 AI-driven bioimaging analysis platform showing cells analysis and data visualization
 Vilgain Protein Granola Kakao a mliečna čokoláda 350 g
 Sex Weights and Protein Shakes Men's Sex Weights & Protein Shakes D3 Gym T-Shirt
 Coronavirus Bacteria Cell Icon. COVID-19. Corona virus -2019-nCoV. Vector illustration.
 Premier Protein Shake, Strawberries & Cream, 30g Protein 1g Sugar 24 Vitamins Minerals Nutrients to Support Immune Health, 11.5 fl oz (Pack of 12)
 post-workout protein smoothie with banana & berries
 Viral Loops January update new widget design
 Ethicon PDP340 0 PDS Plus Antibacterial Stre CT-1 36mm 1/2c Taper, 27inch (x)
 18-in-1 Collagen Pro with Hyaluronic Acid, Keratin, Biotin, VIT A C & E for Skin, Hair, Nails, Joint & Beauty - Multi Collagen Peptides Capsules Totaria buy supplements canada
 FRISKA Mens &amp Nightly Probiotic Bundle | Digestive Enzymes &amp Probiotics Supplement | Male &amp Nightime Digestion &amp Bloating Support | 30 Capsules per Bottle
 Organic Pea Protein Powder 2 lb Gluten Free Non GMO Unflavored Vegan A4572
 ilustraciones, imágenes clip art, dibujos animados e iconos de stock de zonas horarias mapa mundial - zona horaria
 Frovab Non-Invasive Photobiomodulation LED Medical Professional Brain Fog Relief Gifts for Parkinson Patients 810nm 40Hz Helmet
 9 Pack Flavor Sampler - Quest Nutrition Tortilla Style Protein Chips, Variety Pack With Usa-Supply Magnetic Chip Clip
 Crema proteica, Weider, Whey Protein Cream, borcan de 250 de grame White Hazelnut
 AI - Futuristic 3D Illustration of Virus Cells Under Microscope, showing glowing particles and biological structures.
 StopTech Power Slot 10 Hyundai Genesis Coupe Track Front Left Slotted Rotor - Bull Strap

= EXERCISE =
Retype all the records above without changing a word.

= SOLUTION FOR THIS TASK =
 AI-driven bioimaging analysis platform showing cells analysis and data visualization
 Vilgain Protein Granola Kakao a mliečna čokoláda 350 g
 Sex Weights and Protein Shakes Men's Sex Weights & Protein Shakes D3 Gym T-Shirt
 Coronavirus Bacteria Cell Icon. COVID-19. Corona virus -2019-nCoV. Vector illustration.
 Premier Protein Shake, Strawberries & Cream, 30g Protein 1g Sugar 24 Vitamins Minerals Nutrients to Support Immune Health, 11.5 fl oz (Pack of 12)
 post-workout protein smoothie with banana & berries
 Viral Loops January update new widget design
 Ethicon PDP340 0 PDS Plus Antibacterial Stre CT-1 36mm 1/2c Taper, 27inch (x)
 18-in-1 Collagen Pro with Hyaluronic Acid, Keratin, Biotin, VIT A C & E for Skin, Hair, Nails, Joint & Beauty - Multi Collagen Peptides Capsules Totaria buy supplements canada
 FRISKA Mens &amp Nightly Probiotic Bundle | Digestive Enzymes &amp Probiotics Supplement | Male &amp Nightime Digestion &amp Bloating Support | 30 Capsules per Bottle
 Organic Pea Protein Powder 2 lb Gluten Free Non GMO Unflavored Vegan A4572
 ilustraciones, imágenes clip art, dibujos animados e iconos de stock de zonas horarias mapa mundial - zona horaria
 Frovab Non-Invasive Photobiomodulation LED Medical Professional Brain Fog Relief Gifts for Parkinson Patients 810nm 40Hz Helmet
 9 Pack Flavor Sampler - Quest Nutrition Tortilla Style Protein Chips, Variety Pack With Usa-Supply Magnetic Chip Clip
 Crema proteica, Weider, Whey Protein Cream, borcan de 250 de grame White Hazelnut
 AI - Futuristic 3D Illustration of Virus Cells Under Microscope, showing glowing particles and biological structures.
 StopTech Power Slot 10 Hyundai Genesis Coupe Track Front Left Slotted Rotor - Bull Strap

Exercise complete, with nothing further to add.